Advertisement

Huge Salaries, Huge Hopes, Long Odds

Share
TIMES STAFF WRITER

Every time an NBA star signed another impossibly huge contract this week, Dave Koch’s job got tougher.

Koch directs 400 teenage athletes at USC’s National Youth Sports Program, trying to instill not only athletic skill but also an appreciation of discipline, long-term planning and the need for education. You can’t rely on the slim chance of a big pro contract, he tells them.

Then came the wave of unprecedented pro basketball contracts, so fast that it was hard for the boys to keep the names straight, hard for them to conceptualize the dollars: seven years, $56 million; five years, $50 million; seven years, $98 million. By the time Shaquille O’Neal signed with the Lakers for $120 million for seven years Thursday, almost a billion dollars in free-agent money had been thrown around the NBA.

Advertisement

And Dave Koch’s athletes, youngsters whose bodies have yet to catch up with the size of their feet, fantasized yet more about getting their share, getting it fast, getting it all in one shot.

“I’m a baller,” insisted David Santana, 13, stretching to show his full 5-foot, 11 1/2-inch frame and size 13 shoes. “I want to be a professional ballplayer too.

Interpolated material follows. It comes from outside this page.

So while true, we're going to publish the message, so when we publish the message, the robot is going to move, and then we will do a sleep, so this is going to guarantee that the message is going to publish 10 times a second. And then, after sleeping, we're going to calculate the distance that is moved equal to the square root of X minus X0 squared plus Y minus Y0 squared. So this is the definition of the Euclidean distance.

I can do it.”

O’Neal will make about 500 times as much as a Los Angeles public school teacher. What coaches like Koch tell kids like David is that the odds of emulating the lowest-paid pro, let alone Shaq, are overwhelmingly long. First, David will have to make his high school team. That will cut the chances of making the NBA down to about 10,000 to 1.

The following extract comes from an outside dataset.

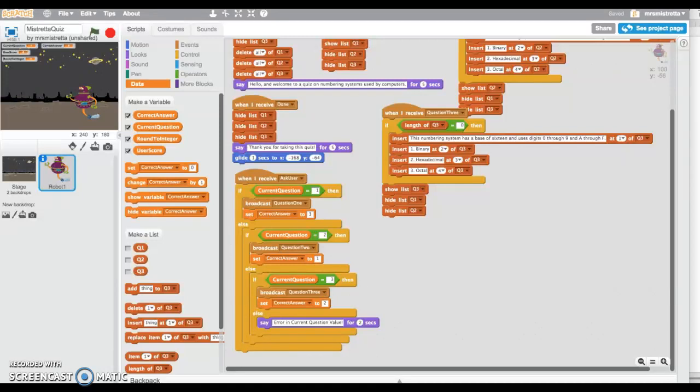Hello, this is Sharon Mastretta and welcome to the sixth lesson in a series of Scratch programming techniques in regards to a three-question quiz.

“Kids read about these one-in-a-million athletes getting mega-million-dollar salaries, and it’s hard to convince them that it’s all right to be one of the other 999,999 individuals working hard to make a decent living,” Koch said.

Word of O’Neal’s deal zipped through the USC camp as the teenagers moved through their organized schedule, from basketball and swimming to discussions about first aid and AIDS. They tried to imagine the sheer size of the contract.

“Los Angeles is going to have the best basketball team,” said Shangameir Sutton, 15. Yes, he admitted, he too has a secret desire to be a pro. “They wouldn’t have to pay that much for me.”

Advertisement

Alan Hatcher, 13, has the same dream, but recognizes that education comes first. “You need the experience of college,” said Alan, who plans to be a pediatrician. Fourteen-year-old Ronald Pennington, who is a head taller than Alan and constantly told he is an NBA natural, also demurs. “I’m not good at it,” he said shyly. He thinks he’ll be a veterinarian.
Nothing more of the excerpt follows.